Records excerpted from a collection
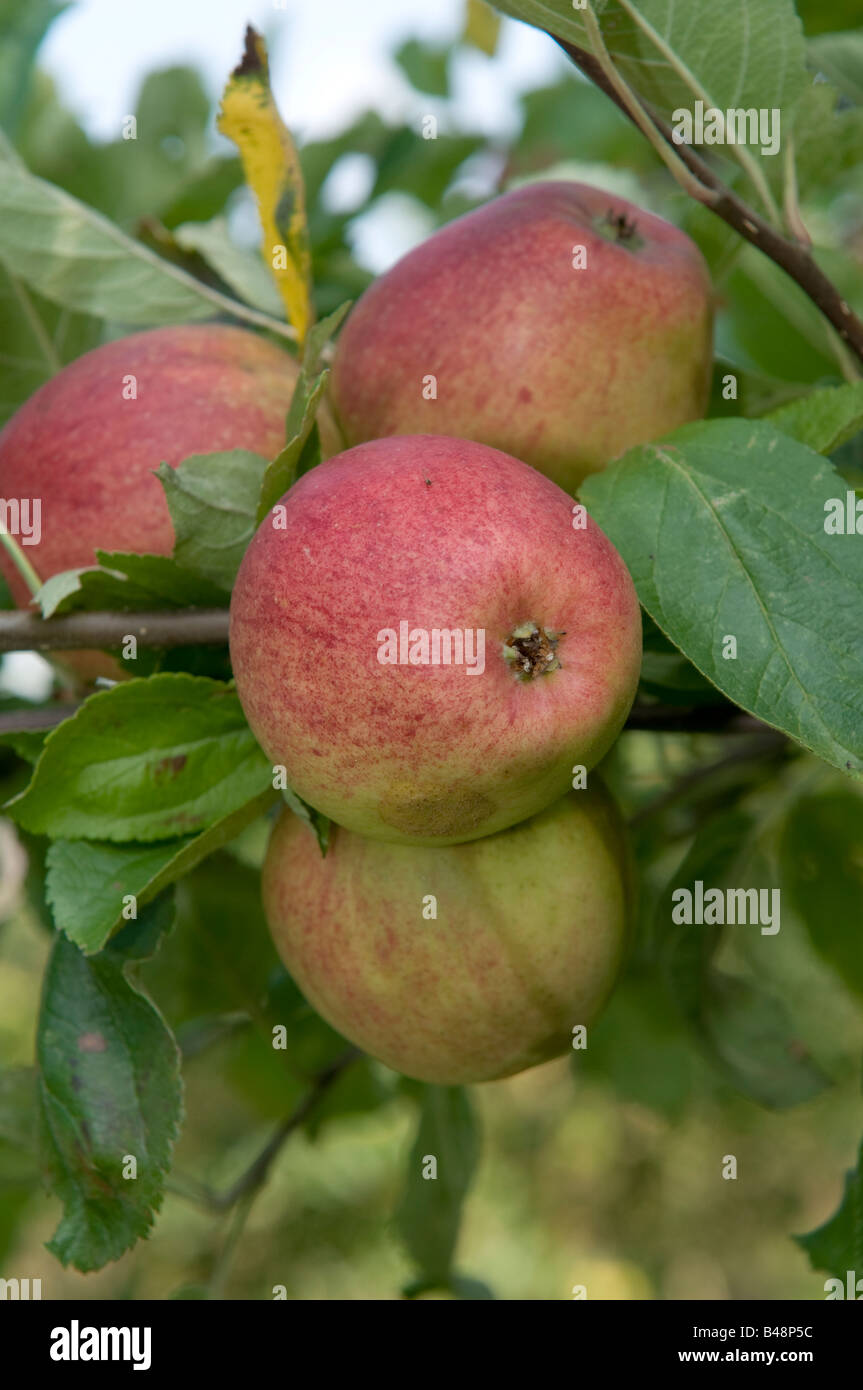 ADAM'S PEARMAIN desert apples growing in the orchard Stock Photo Alamy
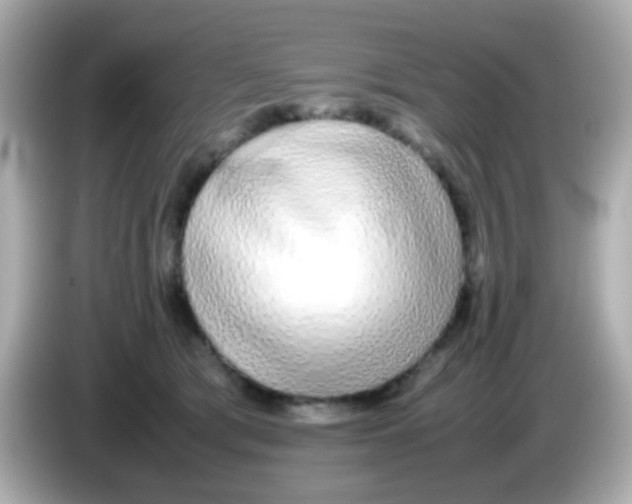 X0000085790417200704091434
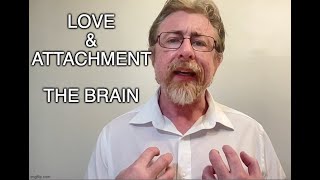 Love amp attachment 5  The Brain [upl. by Suivatco918]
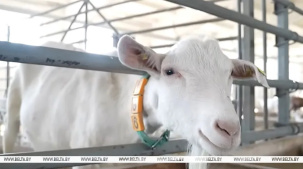 Ученые планируют вывести белорусскую породу коз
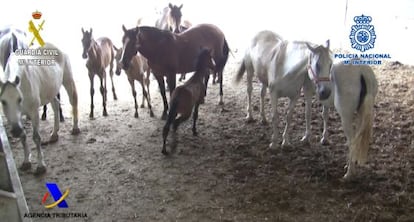 Algunos de los caballos que ten&iacute;a el cabecilla de la trama. 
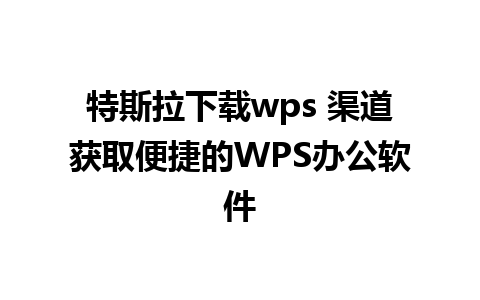 特斯拉下载wps 渠道获取便捷的WPS办公软件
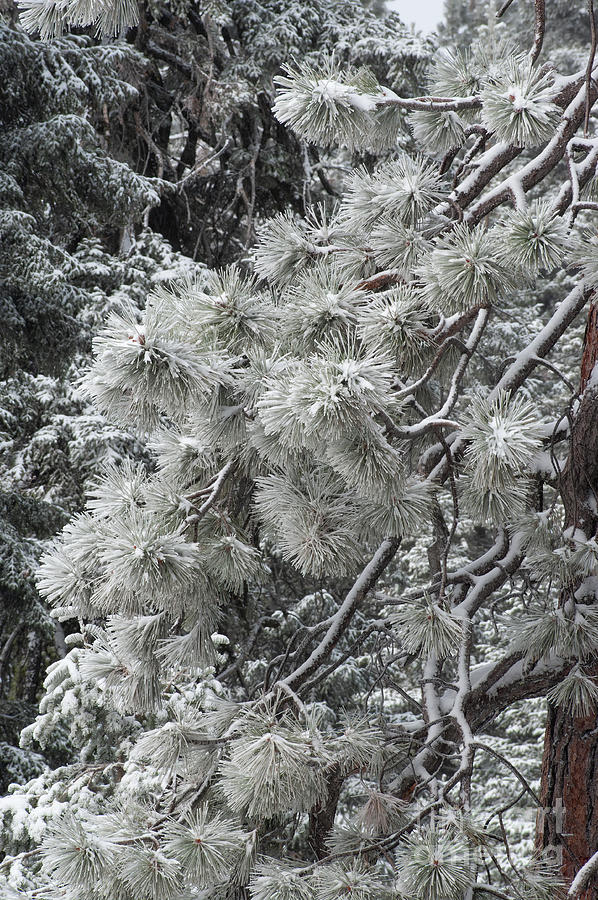 Snow Needles 2-8083 Photograph by Stephen Parker - Fine Art America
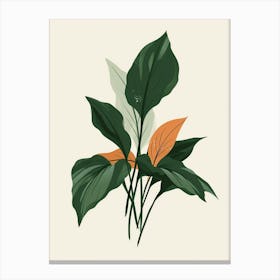 Hosta Plant Minimalist Illustration 3 Canvas Print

# [Activity]
Output the records above exactly, omitting the pictures.

# [Output]
 ADAM'S PEARMAIN desert apples growing in the orchard Stock Photo Alamy
 X0000085790417200704091434
 Love amp attachment 5  The Brain [upl. by Suivatco918]
 Ученые планируют вывести белорусскую породу коз
 Algunos de los caballos que ten&iacute;a el cabecilla de la trama. 
 特斯拉下载wps 渠道获取便捷的WPS办公软件
 Snow Needles 2-8083 Photograph by Stephen Parker - Fine Art America
 Hosta Plant Minimalist Illustration 3 Canvas Print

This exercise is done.